I ask if he's talked to Miles recently. “No, I can’t,” Bissinger says, plainly. “He sends me letters, and I owe him a letter.”

And — fleetingly, suddenly — the gears are turning.

“Well, I guess he could call me on the phone. I could get on his list. After this is over, I’ll email him. ... This is not some, 'All right, I’ll latch onto Boobie because I’m doing a new afterword.'... I worry about him, and I don’t really know how much I or anyone can do. Texas can be a tough place if you’re a convicted felon coming out at the age of 50.”

This is the type of stuff Bissinger thinks about constantly.
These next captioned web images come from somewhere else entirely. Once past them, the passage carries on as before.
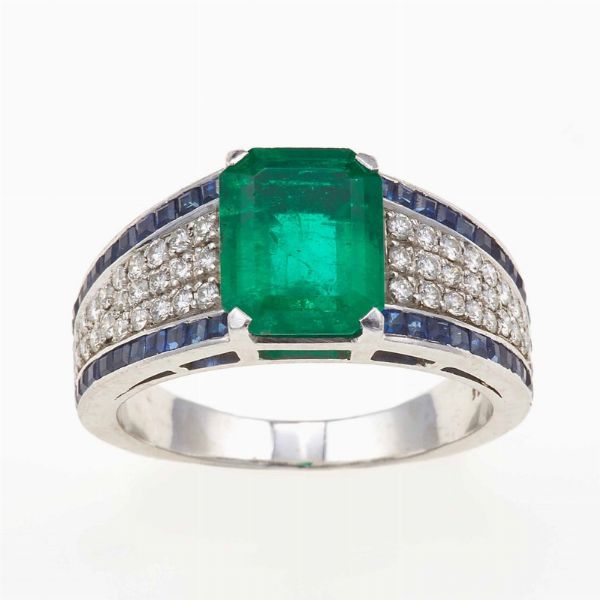 Anello con smeraldo Colombia, diamanti e zaffiri  - Asta Fine Jewels - Associazione Nazionale - Case d'Asta italiane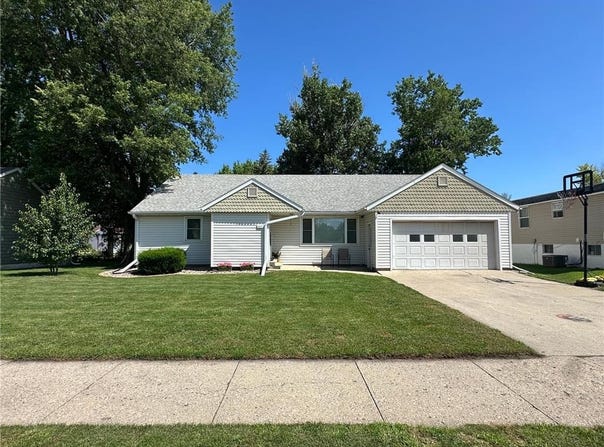 317 Clary Street, Worthington, MN 56187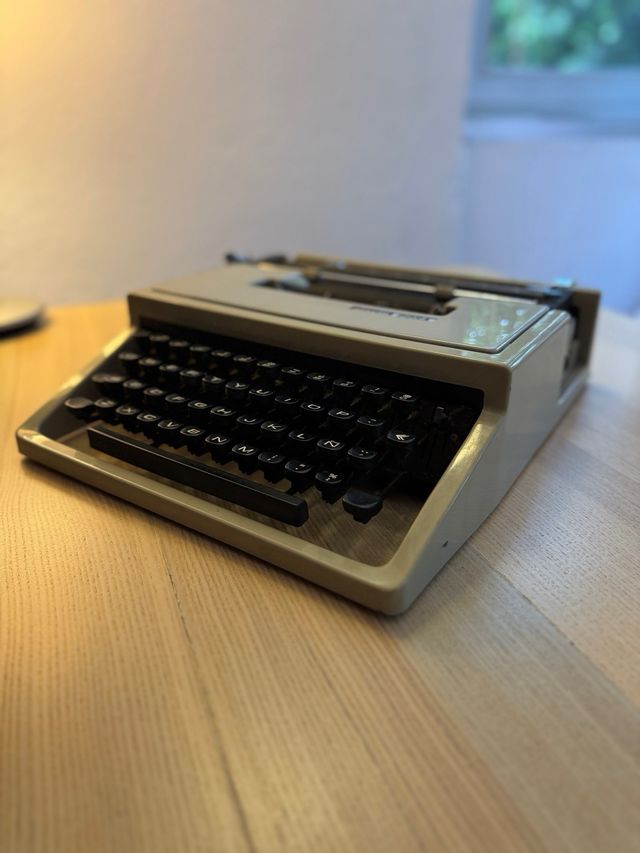 Macchina da scrivere vintage color crema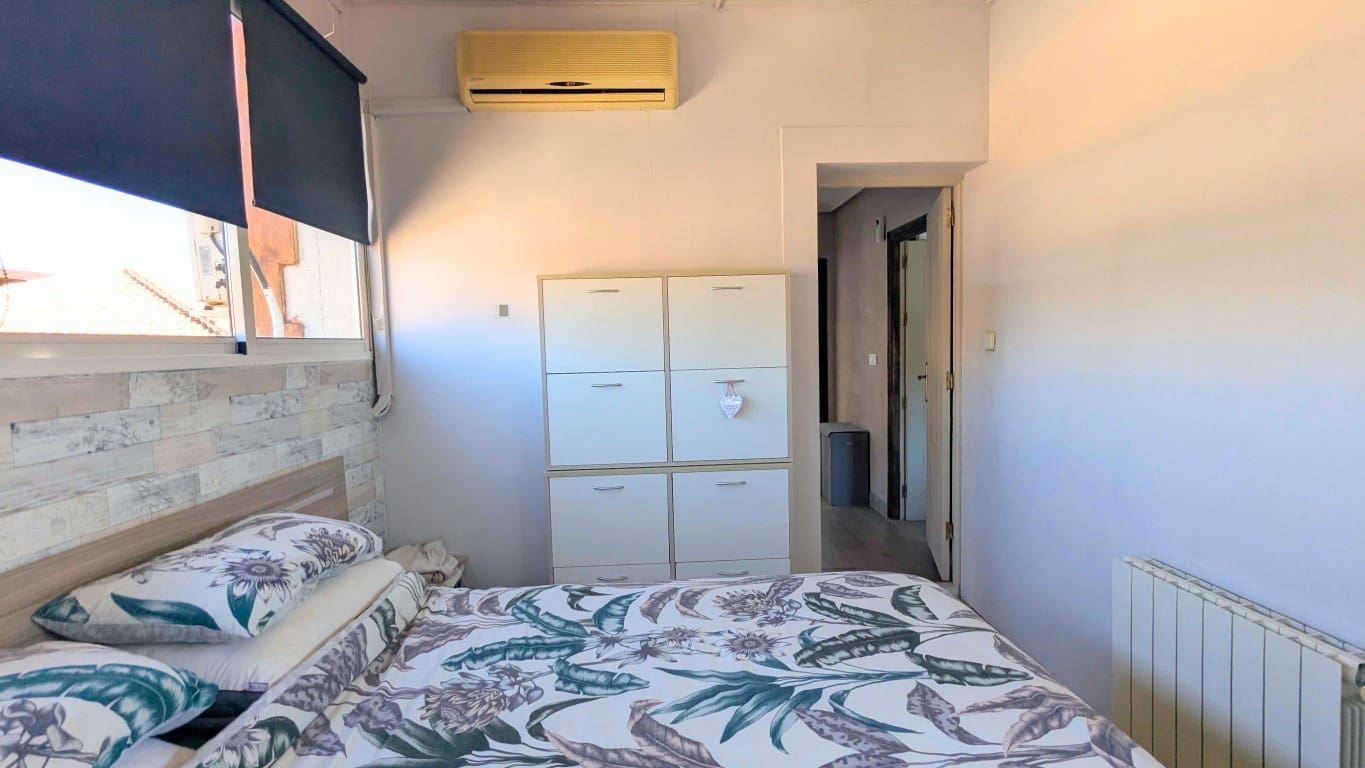 Chalet de 4 habitaciones en Bigastro en venta con piscina - 299.000 € (Ref: 9789478)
The way "Friday Night Lights" has infiltrated his life is exhausting.

By the time the TV show rolled out in 2006 — nearly a decade and a half after his book was first released, and just two years after the movie — he felt his first book overshadowing everything else he’d done. And anything else he could do.

“I thought, God, how weird is this. I’m sort of the non-fiction equivalent of the high school quarterback. I won state in a sense, when I was 34 years old,” Bissinger says. “So when the TV show came out, I was sick of hearing it, I just didn’t want to watch it. I was 'Friday Night Lighted' out."

“At a certain point, it was a noose,” he adds. "Life is about moving up.”

I ask what’s next.

“You  know, when you write for a long time, finding that connection, that passion... those feelings are hard to come by, and I’m thinking I’m in a sort of career decision time,” he says.

Bissinger will teach nonfiction at the University of Pennsylvania, where he went to school. It’ll be good to give back, he says. He’s also tossing around the idea of another book -- one about the cultural history of football. But the idea of writing and selling yet another piece of work feels daunting. There’s the anxiety he has to consider, and the shot to his ego.

“ 'Friday Night Lights' was a perfect... It was a first-time publisher, non-fiction, it was a first-time author, it was a first-time photographer, and everything worked. And that was a magic experience, and you know, I’m not going to have that again.”